CyChatSDの実際の運用を想定した検証として、下記の項目を検証しました。

  • 同時接続数の変化による検索検証
  • アップグレード時の検索性能
  • インデックスを用いた場合の検索性能

検証環境

検証を行ったMivusクラスタは、プライベートクラウドのマネージドKubernetesサービスAKEにデプロイされたものになります。それぞれのコンポーネントのスペックは下記の通りです。

今回の検索性能の検証に関連するコンポーネントとしては、proxyとquery nodeになっており、検証に十分なcp​​uとmemoryリソースが確保されています。

検証結果

同時接続数に関する検証

CyChatSDでは、将来的にユーザ数の増加を見込んでいます。その際に、検索を行うベクトルデータベースも並列して処理を行う必要があります。その際に、性能の低下が発生することは望ましくありません。

 

今回の検証では、Milvusに対して、1~50の並列数で検索を行った際のqpsと99パーセンタイルのlatencyを計測しました。

並列数が1の時に比べ、並列数が5以上の時の方がqpsが高くなるという結果を得ました。並列数が増加すると、qpsが悪化することは確認されませんでした。ただ、並列数が増加するにつれて、qpsもスケールすることを期待していましたが、そのような結果にはなりませんでした。cpuとmemoryリソースの使用状況を確認しても、余裕があったため、リソースとは別の要因がボトルネックになっていると考えています。こちらについては、さらなる調査が必要です。

 

99パーセンタイルlatencyについては、全体を通して少しばらつきがありますが、並列数が増加すると悪化するということは見受けられませんでした。

 

同時接続数に関する検証を行いましたが、将来的なユーザ数増加に十分対応できる性能をMilvusは提供しているという結論に至りました。

アップグレード時の検証

Milvusを運用するにあたって、将来的にMilvusのアップグレード作業が発生します。その際の稼働と性能を調査しました。

 

Milvusでは、rolling-upgradeという方式により、アップグレードを行うことが可能です。
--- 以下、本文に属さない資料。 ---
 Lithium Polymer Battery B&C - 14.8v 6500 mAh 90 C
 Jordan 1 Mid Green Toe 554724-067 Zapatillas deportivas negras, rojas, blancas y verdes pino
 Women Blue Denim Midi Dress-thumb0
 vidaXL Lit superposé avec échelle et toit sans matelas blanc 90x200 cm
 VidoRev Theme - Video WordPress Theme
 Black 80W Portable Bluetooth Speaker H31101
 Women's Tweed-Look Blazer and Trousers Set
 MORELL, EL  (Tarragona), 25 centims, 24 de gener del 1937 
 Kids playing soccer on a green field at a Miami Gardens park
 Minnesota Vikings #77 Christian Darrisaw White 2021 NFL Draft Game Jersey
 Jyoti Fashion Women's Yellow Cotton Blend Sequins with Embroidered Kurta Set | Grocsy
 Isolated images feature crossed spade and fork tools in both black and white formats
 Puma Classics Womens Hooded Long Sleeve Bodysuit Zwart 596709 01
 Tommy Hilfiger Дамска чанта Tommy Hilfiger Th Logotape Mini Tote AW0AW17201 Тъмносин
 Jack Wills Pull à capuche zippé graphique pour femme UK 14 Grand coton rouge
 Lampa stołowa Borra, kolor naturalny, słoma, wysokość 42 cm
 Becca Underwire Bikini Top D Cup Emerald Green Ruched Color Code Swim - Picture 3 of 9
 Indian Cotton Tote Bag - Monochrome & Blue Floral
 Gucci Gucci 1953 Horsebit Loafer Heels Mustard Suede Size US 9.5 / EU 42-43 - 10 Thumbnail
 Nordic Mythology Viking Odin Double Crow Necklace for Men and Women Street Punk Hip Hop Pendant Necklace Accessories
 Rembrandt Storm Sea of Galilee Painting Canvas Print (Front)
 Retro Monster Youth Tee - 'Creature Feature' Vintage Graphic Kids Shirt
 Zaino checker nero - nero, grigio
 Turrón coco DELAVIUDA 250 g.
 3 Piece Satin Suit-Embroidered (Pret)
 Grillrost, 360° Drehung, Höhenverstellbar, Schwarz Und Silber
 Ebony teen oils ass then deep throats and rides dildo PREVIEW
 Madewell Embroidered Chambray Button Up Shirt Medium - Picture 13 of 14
rolling-upgradeにより、Milvusを構成するコンポーネントを1つ1つ順番に、新しいものに入れ替えることで、ダウンタイムを削減しています。

上図: rolling-upgradeにおける、検索を処理するquery nodeの更新時のイメージ

 

今回の検証では、Milvus 2.4.12からMilvus 2.4.13-hotfixへのアップグレードを行いました。

ベンチマークツールを用いて、アップグレード時の検索性能を計測しました。

 

rolling-upgrade中に、ベクトル類似検索が失敗する事象は発生しませんでした。qpsとlatencyの性能についても、平常時に比べて顕著な低下は起こりませんでした。

 

一方で、queryというオペレーションを実行した際に、失敗している事象が確認されました。query操作は、RDBにおけるselectに相当する、テキストや数値などのベクトル以外の情報をフィルタ条件に指定して検索を行う操作です。

results  = collection.query(

  expr = “entity_id in [2,4,6,8] and isquestion==true"

)

pymilvusを用いて、entity_idからデータを取得するquery例

 

CyChatSDにおいては、ベクトル検索で得た質問から対応する回答をquery検索、回答から対応する質問をqueryで検索することが想定されています。この機能が、アップグレード中は使用できないことが確認できました。

 

Milvusのアップグレード中に、queryという操作が失敗する瞬間が確認された一方で、類似ベクトル検索はダウンタイムなく、平常時と同等の性能で実行できることが確認できました。

 

インデックスに関する検証

Milvusにおいては、ベクトル類似検索の際に、インデックスを用いることが可能です。インデックスを用いることで、類似検索の精度(recall)は落ちますが、検索性能を大幅に上昇させることが可能です。CyChatSDの将来的な運用においても、扱うデータ数が増加する場合、インデックスを用いることが検討されています。

 

今回の検証では、インデックスを用いないブルートフォース検索(FLAT)と量子化ベースのインデックスを用いた検索(IVF-FLAT)とグラフベースのインデックスを用いた検索(HNSW)を比較しました。検証したインデックスの詳細な説明は割愛しますが、どちらも広く使われているベクトル検索インデックスです。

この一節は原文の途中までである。